*Exercise prompt*. Please repeat, exactly and without pictures, the lines of the entries below that run from the one containing "Fruit of the Loom Men's Pocket T-Shirt" through the one containing "STANLEY 6L 1.5hp".

*Extracted records*.
== Segment start ==

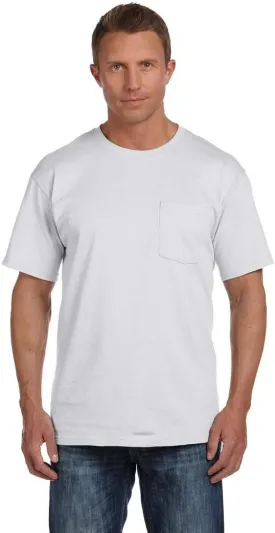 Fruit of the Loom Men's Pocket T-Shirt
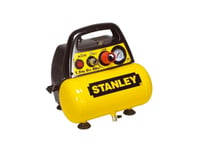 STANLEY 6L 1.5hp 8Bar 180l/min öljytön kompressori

== Segment end ==
== Segment start ==

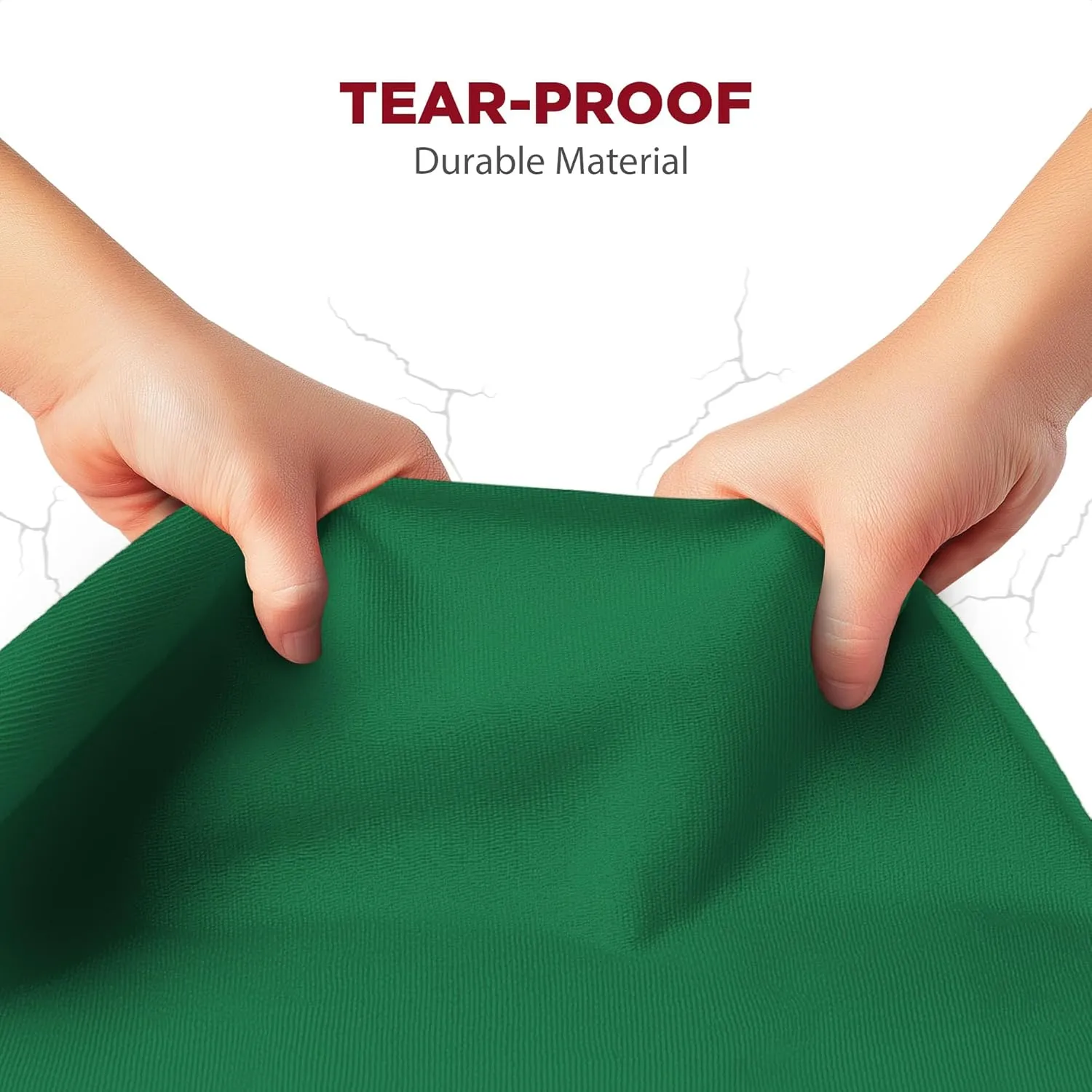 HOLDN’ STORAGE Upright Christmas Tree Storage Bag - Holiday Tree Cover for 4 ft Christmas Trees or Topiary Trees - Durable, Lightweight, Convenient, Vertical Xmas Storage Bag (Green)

== Segment end ==
== Segment start ==

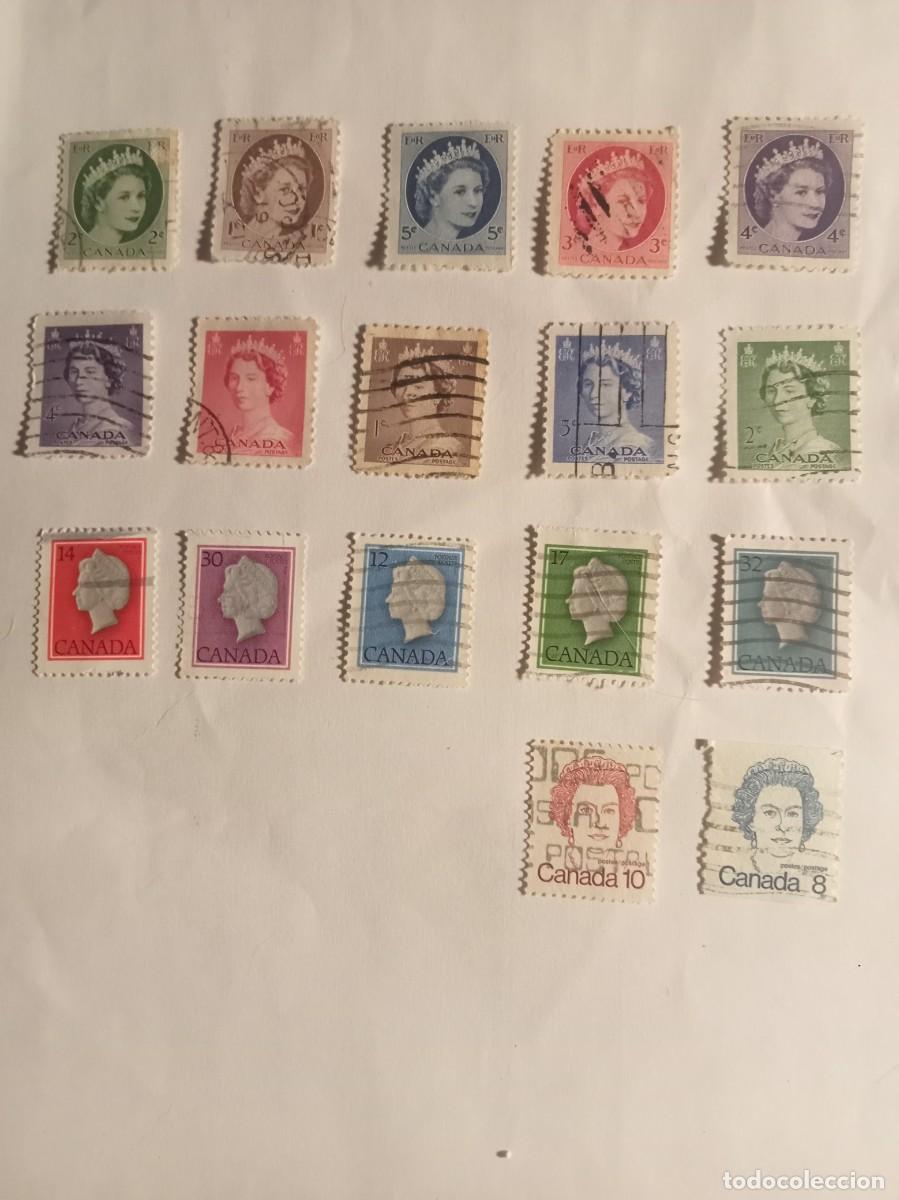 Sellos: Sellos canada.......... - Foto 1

== Segment end ==

*Response*.
 Fruit of the Loom Men's Pocket T-Shirt
 STANLEY 6L 1.5hp 8Bar 180l/min öljytön kompressori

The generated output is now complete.